The more he was challenged by professional astronomers, the more Herschel became conscious of his 'art of seeing', and how it needed explaining afresh. 'The eye is one of the most extraordinary Organs,' he repeatedly told his correspondants. Classical physiology was wrong. Visual images did not simply fall upon the optic nerve, in the same sense that they fell upon a speculum mirror. The eye constantly interpreted what it saw... The astronomer had to learn to see...Holmes suggests that Herschel's training as a musician aided his ability to observe the night sky. Like sight reading a score, Herschel could grasp patterns in the sky without needing to observe each star individually. "Or more subtly, the brain that was trained to recognise the highly complex counterpoints and harmonies of Bach and Handel could instinctively [italics mine] recognise analogous star patternings." (p. 115)
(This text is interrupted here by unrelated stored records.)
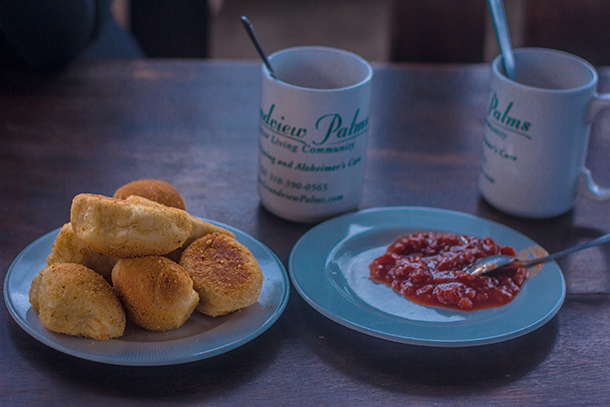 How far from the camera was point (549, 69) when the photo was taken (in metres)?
1.15

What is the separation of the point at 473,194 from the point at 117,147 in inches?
27.4

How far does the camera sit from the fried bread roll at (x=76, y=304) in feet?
2.36

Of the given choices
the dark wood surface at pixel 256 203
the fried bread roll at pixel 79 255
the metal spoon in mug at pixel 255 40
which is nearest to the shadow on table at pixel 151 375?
the dark wood surface at pixel 256 203

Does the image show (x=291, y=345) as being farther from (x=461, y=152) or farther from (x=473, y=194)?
(x=461, y=152)

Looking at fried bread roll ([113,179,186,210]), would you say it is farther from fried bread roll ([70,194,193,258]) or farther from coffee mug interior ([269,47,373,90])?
coffee mug interior ([269,47,373,90])

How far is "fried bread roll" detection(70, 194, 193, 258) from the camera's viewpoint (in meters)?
0.74

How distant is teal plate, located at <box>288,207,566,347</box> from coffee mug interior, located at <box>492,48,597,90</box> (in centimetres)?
30

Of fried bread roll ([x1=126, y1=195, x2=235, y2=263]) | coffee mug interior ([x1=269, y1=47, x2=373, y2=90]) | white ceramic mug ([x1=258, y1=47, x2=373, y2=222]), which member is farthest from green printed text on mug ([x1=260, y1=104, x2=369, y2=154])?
fried bread roll ([x1=126, y1=195, x2=235, y2=263])

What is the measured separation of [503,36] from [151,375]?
79cm

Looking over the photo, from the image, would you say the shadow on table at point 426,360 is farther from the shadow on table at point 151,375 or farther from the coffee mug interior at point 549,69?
the coffee mug interior at point 549,69

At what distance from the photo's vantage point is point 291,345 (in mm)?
797

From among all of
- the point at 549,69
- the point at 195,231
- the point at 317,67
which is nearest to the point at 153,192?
the point at 195,231

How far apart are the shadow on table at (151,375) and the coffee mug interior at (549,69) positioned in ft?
2.22

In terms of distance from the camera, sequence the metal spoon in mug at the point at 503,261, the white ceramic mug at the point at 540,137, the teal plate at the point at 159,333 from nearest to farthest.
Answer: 1. the teal plate at the point at 159,333
2. the metal spoon in mug at the point at 503,261
3. the white ceramic mug at the point at 540,137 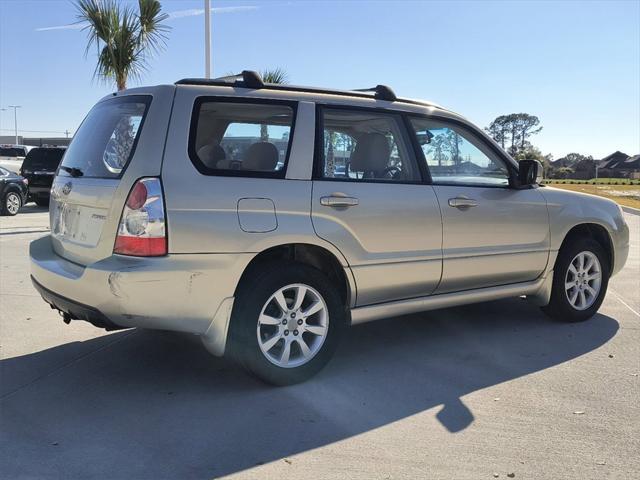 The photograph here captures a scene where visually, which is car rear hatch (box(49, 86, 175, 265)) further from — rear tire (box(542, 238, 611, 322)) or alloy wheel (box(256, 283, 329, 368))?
rear tire (box(542, 238, 611, 322))

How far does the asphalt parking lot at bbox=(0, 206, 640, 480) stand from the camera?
9.39 ft

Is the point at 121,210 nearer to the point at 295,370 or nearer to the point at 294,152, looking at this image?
the point at 294,152

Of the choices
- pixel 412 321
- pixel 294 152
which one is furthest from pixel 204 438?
pixel 412 321

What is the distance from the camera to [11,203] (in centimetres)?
1529

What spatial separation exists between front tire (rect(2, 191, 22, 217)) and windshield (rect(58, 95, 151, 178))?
12606 mm

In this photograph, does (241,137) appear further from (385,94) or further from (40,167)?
(40,167)

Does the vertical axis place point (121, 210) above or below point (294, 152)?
below

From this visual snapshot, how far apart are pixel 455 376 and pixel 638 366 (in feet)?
4.60

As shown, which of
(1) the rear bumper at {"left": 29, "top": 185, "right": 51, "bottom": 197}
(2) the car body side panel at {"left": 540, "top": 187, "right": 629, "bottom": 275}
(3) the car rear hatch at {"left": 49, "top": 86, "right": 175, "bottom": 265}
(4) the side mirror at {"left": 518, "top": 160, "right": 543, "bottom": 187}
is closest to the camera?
(3) the car rear hatch at {"left": 49, "top": 86, "right": 175, "bottom": 265}

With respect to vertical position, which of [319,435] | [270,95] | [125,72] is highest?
[125,72]

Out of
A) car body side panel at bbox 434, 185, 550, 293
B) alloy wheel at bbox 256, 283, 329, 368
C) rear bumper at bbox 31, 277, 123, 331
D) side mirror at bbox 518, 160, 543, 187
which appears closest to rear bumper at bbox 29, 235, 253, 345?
rear bumper at bbox 31, 277, 123, 331

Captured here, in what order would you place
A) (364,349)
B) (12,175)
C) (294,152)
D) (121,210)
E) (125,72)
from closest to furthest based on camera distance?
(121,210)
(294,152)
(364,349)
(125,72)
(12,175)

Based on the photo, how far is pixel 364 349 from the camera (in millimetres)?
4617

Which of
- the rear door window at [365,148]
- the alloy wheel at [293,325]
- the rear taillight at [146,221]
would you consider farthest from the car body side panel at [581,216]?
the rear taillight at [146,221]
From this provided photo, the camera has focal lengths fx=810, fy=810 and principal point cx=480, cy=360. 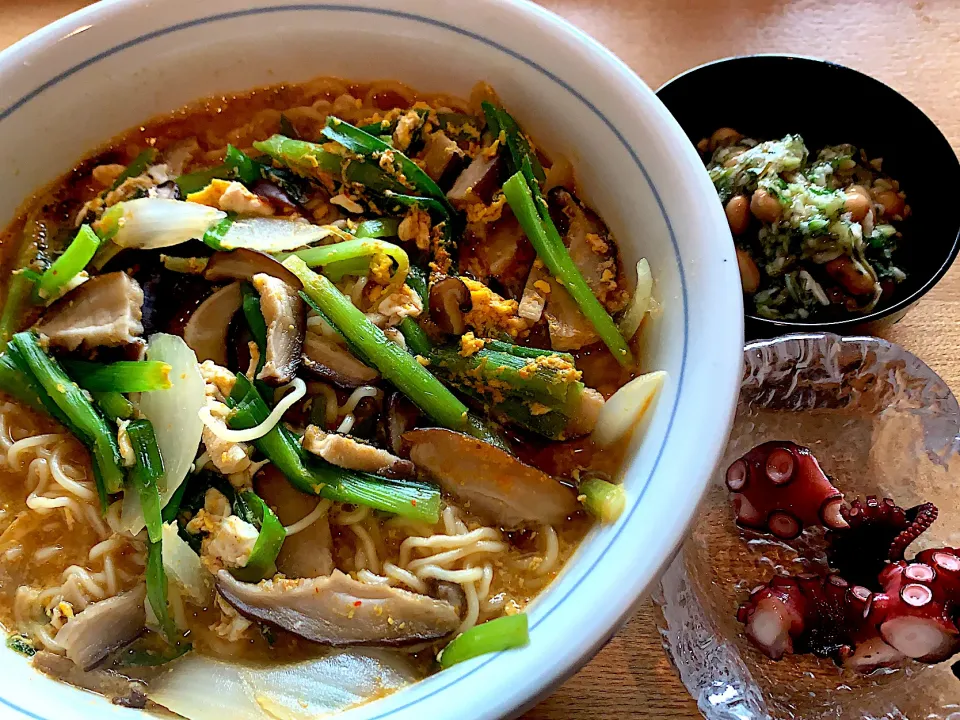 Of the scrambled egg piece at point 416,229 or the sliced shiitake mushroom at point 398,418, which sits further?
the scrambled egg piece at point 416,229

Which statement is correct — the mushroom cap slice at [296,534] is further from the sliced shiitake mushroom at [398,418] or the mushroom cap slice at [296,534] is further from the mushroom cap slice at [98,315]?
the mushroom cap slice at [98,315]

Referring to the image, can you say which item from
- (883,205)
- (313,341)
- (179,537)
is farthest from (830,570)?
(179,537)

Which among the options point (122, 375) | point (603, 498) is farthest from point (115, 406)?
point (603, 498)

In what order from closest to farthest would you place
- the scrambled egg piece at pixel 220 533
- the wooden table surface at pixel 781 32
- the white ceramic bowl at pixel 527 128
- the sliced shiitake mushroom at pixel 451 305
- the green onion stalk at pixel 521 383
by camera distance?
the white ceramic bowl at pixel 527 128 < the scrambled egg piece at pixel 220 533 < the green onion stalk at pixel 521 383 < the sliced shiitake mushroom at pixel 451 305 < the wooden table surface at pixel 781 32

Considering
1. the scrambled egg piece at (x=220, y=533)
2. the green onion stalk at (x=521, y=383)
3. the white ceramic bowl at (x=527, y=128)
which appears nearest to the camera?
the white ceramic bowl at (x=527, y=128)

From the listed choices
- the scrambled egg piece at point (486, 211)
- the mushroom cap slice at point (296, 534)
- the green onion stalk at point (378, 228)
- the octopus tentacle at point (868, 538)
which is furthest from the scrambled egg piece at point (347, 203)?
the octopus tentacle at point (868, 538)

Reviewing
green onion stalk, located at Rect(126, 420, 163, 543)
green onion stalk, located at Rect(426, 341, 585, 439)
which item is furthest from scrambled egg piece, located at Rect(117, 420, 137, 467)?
green onion stalk, located at Rect(426, 341, 585, 439)

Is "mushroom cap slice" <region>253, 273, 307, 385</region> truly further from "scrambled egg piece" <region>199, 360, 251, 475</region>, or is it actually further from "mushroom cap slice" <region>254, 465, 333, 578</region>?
"mushroom cap slice" <region>254, 465, 333, 578</region> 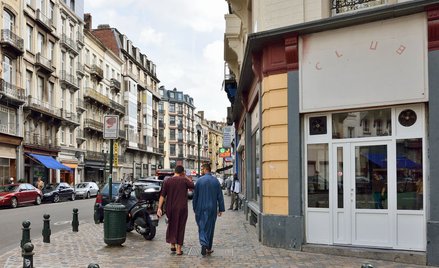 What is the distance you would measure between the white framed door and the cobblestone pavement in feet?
1.71

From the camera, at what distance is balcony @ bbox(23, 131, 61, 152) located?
3528cm

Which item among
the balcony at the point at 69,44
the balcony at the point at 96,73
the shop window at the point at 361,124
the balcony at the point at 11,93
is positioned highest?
the balcony at the point at 69,44

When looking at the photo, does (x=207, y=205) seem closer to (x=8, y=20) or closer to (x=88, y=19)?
(x=8, y=20)

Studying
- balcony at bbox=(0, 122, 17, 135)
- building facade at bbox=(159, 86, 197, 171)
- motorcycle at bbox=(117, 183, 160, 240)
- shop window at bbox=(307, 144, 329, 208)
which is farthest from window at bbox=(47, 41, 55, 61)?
building facade at bbox=(159, 86, 197, 171)

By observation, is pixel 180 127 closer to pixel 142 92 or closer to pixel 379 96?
pixel 142 92

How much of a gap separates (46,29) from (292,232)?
34.4 m

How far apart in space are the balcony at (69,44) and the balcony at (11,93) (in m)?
9.25

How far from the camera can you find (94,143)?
51.8 metres

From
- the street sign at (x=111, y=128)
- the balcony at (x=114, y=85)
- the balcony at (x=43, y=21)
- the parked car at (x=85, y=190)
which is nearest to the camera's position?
the street sign at (x=111, y=128)

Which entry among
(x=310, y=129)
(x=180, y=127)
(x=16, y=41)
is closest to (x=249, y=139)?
(x=310, y=129)

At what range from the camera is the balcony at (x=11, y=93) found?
31.4m

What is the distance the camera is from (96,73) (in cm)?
4994

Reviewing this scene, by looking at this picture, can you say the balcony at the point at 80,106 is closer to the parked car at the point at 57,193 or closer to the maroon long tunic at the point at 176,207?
the parked car at the point at 57,193

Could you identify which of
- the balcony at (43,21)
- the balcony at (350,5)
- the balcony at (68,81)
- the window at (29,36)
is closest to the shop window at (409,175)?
the balcony at (350,5) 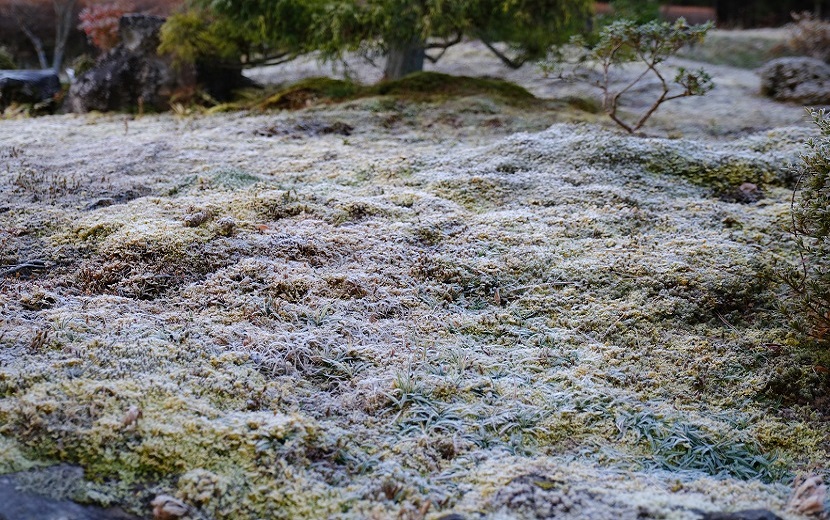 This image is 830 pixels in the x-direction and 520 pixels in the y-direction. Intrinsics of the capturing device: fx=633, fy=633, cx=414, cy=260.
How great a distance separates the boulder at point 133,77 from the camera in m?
9.34

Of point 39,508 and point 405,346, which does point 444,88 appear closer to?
point 405,346

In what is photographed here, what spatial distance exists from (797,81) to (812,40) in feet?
18.7

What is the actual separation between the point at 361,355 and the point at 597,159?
3776 mm

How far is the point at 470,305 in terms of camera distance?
3.85 metres

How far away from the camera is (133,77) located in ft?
30.9

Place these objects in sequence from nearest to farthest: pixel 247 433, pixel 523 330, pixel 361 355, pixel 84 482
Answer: pixel 84 482 → pixel 247 433 → pixel 361 355 → pixel 523 330

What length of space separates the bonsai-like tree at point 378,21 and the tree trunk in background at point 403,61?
20 centimetres

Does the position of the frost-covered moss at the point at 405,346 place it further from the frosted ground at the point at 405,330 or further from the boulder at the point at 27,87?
the boulder at the point at 27,87

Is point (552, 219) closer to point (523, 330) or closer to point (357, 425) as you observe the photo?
point (523, 330)

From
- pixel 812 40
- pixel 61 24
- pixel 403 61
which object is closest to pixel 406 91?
pixel 403 61

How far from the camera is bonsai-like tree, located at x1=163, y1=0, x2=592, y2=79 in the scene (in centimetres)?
851

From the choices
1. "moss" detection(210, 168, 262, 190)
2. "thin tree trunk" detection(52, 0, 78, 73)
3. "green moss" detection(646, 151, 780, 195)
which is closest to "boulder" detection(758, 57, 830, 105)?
"green moss" detection(646, 151, 780, 195)

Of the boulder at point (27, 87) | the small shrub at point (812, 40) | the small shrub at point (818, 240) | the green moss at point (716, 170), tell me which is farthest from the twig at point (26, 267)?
the small shrub at point (812, 40)

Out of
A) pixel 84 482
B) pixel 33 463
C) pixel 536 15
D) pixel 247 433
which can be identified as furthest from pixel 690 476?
pixel 536 15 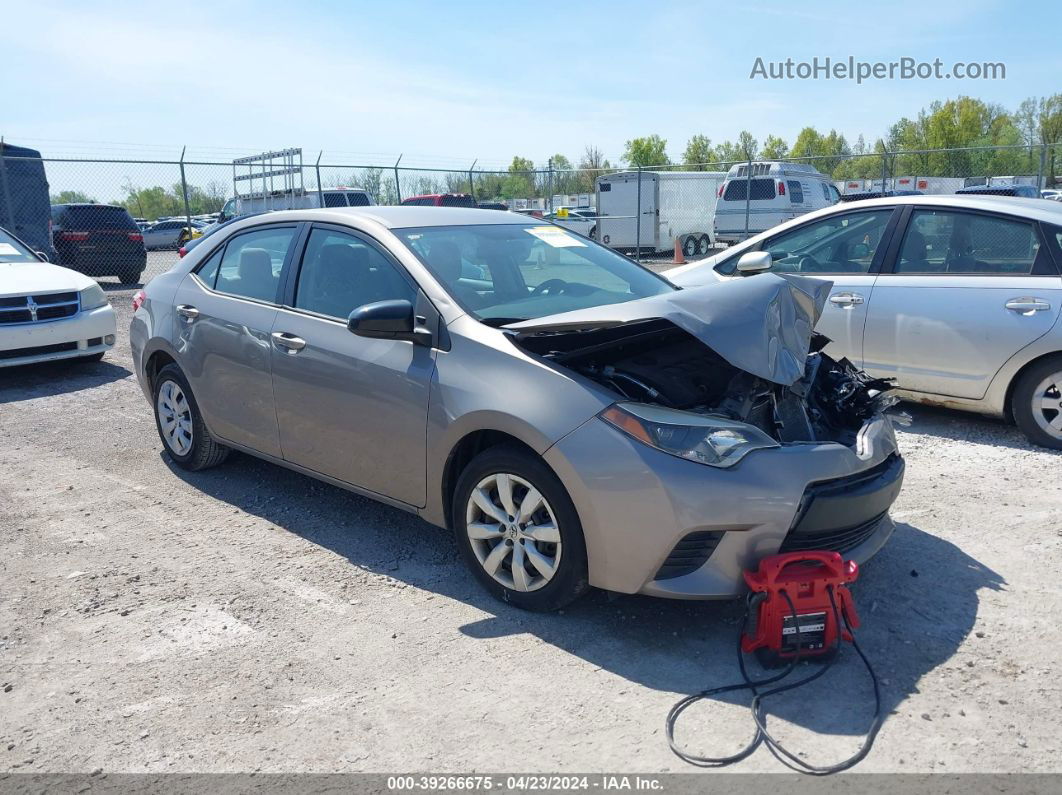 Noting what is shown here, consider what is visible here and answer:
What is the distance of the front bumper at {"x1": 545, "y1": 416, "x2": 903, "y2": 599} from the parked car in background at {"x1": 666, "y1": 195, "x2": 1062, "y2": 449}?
2.20 metres

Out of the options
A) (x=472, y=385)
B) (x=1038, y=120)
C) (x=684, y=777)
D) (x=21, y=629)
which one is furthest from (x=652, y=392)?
(x=1038, y=120)

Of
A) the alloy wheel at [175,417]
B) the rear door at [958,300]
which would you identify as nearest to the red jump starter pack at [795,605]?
the rear door at [958,300]

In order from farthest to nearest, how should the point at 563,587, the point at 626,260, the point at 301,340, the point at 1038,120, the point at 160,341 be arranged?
the point at 1038,120 < the point at 160,341 < the point at 626,260 < the point at 301,340 < the point at 563,587

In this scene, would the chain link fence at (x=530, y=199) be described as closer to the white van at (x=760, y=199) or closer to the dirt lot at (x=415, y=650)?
the white van at (x=760, y=199)

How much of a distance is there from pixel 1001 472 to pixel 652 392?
9.76 feet

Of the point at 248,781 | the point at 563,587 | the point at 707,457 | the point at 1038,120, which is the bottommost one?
the point at 248,781

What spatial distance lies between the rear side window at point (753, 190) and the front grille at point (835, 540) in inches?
759

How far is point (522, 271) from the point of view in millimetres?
4480

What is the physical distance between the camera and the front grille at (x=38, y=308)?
8.27 meters

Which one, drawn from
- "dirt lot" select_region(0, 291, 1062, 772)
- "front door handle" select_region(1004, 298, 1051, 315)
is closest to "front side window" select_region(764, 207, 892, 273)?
"front door handle" select_region(1004, 298, 1051, 315)

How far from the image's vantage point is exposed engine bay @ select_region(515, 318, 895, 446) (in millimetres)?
3619

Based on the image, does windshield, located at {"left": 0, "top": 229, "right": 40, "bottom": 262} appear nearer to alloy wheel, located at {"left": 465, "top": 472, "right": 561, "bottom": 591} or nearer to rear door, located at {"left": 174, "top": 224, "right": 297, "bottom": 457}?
rear door, located at {"left": 174, "top": 224, "right": 297, "bottom": 457}

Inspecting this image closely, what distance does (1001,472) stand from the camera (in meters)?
5.31

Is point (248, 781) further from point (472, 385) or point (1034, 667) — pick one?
point (1034, 667) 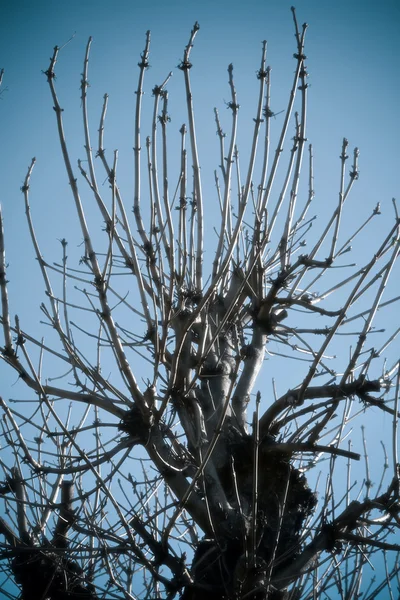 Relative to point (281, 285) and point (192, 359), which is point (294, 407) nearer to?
point (192, 359)

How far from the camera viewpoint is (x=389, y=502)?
2545 mm

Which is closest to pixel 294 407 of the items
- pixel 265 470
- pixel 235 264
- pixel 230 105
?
pixel 265 470

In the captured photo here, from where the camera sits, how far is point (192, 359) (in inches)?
126

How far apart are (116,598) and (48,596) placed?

It occurred to me that perhaps we refer to Chazal as the "einei ha'eidah," the eyes of the people, because their power of vision is characterized by these same two aspects of "seeing" that Holmes describes. Firstly, seeing is not instinctive, but is a learned behavior, a skill, and a highly trained observer who has worked on developing his vision can perceive far more than the average person. Dismissing the words of a talmid chacham by saying, "I don't see his point," just highlights the paucity of our own vision in comparison to what the talmid chachaim does see. Secondly, our talmidei chachamim and einei ha'eidah have an instinctive grasp of reality that we may not share. To attempt to reduce what can be grasped instinctively and instantly into a series of steps that someone else can follow and duplicate is not always possible.
P.S. The book is pretty interesting (so far), whether you are looking for a history of science during the Romantic age or just a good read.